The web GUI is now showing:
We're sorry, too many people are accessing this website at the same time. We're working on this problem. Please try again later.
although I’d be very surprised if anyone else is using it (the monitoring is proxied through this server too, so unfortunately I can’t check that way!).
[root@ondemand cloud-user]# grep -r "Request queue full" /var/log/ondemand-nginx/*/
/var/log/ondemand-nginx/someuser/error.log:[ W 2023-07-13 00:07:47.4147 18086/Tk age/Cor/Con/CheckoutSession.cpp:266 ]: [Client 7-4] Returning HTTP 503 due to: Request queue full (configured max. size: 100)
/var/log/ondemand-nginx/someuser/error.log:[ W 2023-07-13 01:15:03.0711 18086/Tm age/Cor/Con/CheckoutSession.cpp:266 ]: [Client 8-4] Returning HTTP 503 due to: Request queue full (configured max. size: 100)
/var/log/ondemand-nginx/someuser/error.log:[ W 2023-07-13 01:18:29.8312 18086/To age/Cor/Con/CheckoutSession.cpp:266 ]: [Client 9-4] Returning HTTP 503 due to: Request queue full (configured max. size: 100)
The OOD dashboard recovered, but trying to launch another jupyter notebook has made it hang again. However looking at the ondemand/data/sys/dashboard/batch_connect/sys/jupyter/slurm/output/07ec87c8-0d11-4057-8a23-ba430afedfee/output.log file the job appeared to launch fine, and squeue shows the job running.

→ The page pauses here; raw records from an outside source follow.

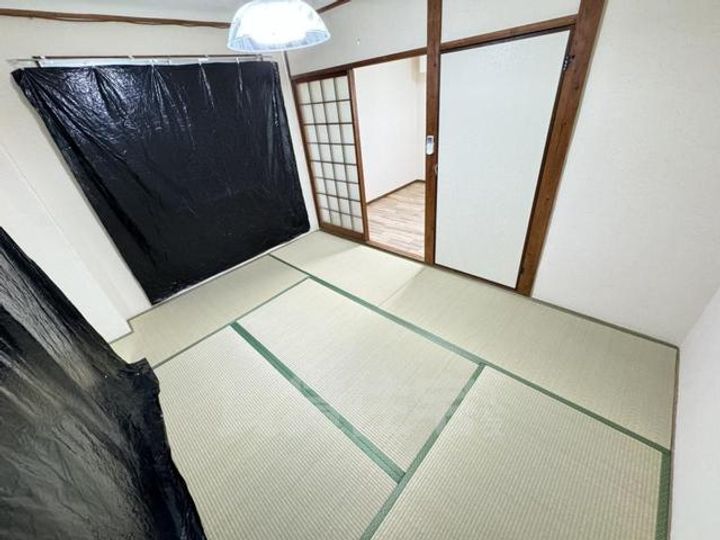 東和マンションの寝室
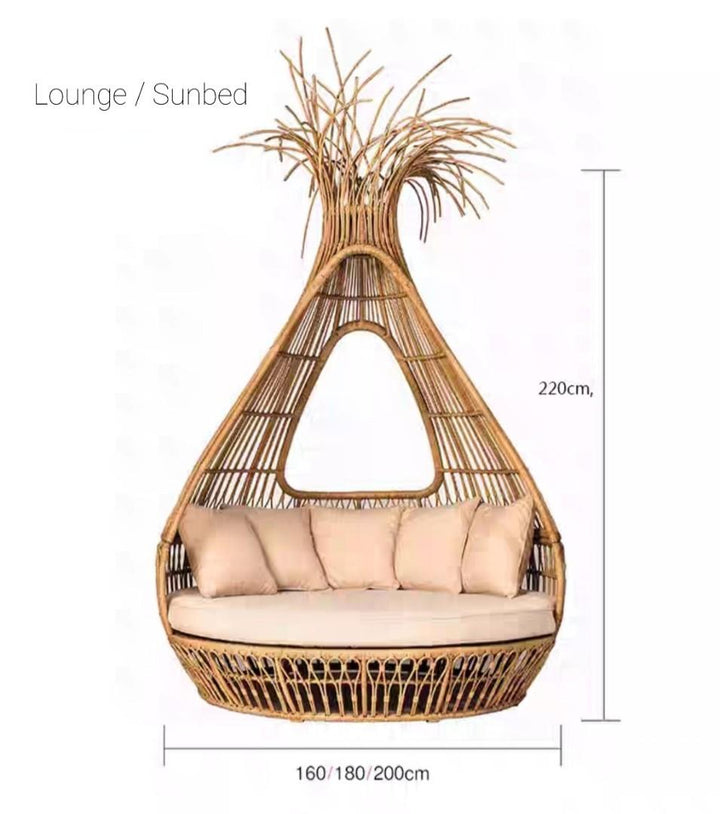 Outdoor Rattan Chair and Table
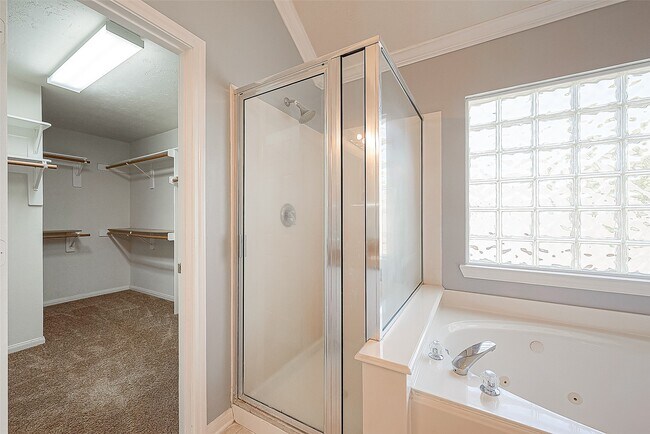 Building Photo - 13835 Desert Canyon Dr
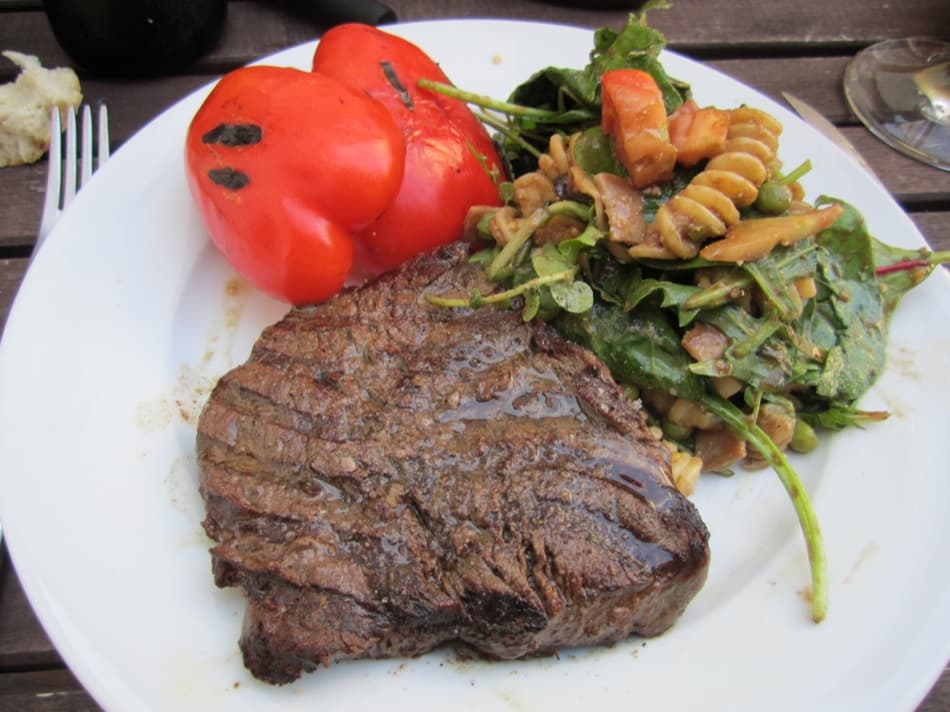 Gegrilltes Black Angus Filet mit mediterranem Nudelsalat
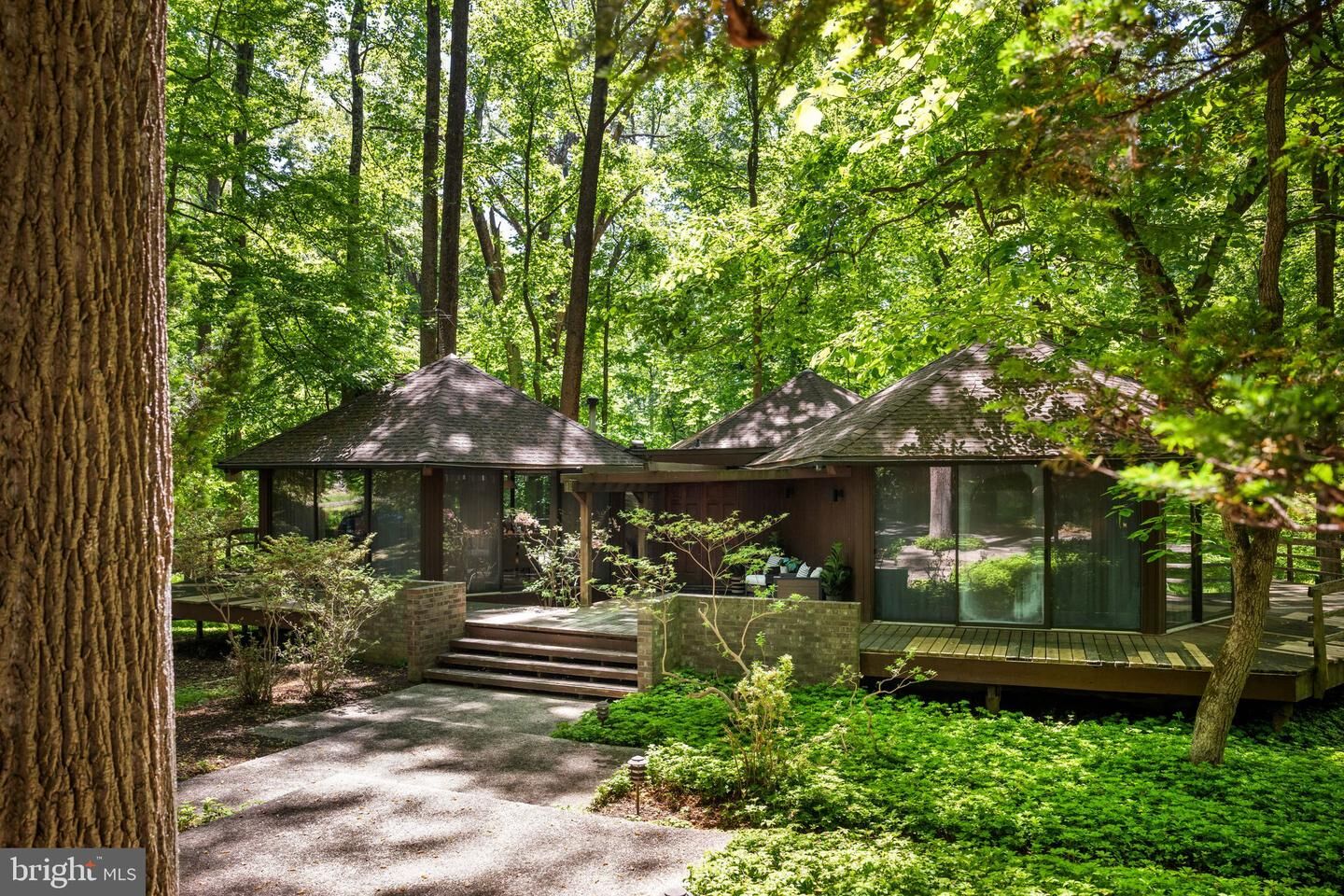 Property Photo:  2707 Caves Road  MD 21117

CPU looks almost idle, loads of memory, no swap.
Re. the path /etc/ood/config/apps/jupyter/slurm.yml, that does exist. I’d assumed the slurm part was from the cluster name which is “slurm”, i.e. in my open ondemand ansible configuration the openondemand_clusters is the ood-ansible clusters role variable. That bit of the configuration is definitely the same as other deployments.
you can search /var/log/ondemand-nginx/$USER/error.log for execve to see the actual command we issue. It’s not simply squeue but formatted.
That’s the only thing that comes to mind. we issue that command to build the page, most other things should be in memory. I’d take a glance at what all commands you’re having to issue to build that page.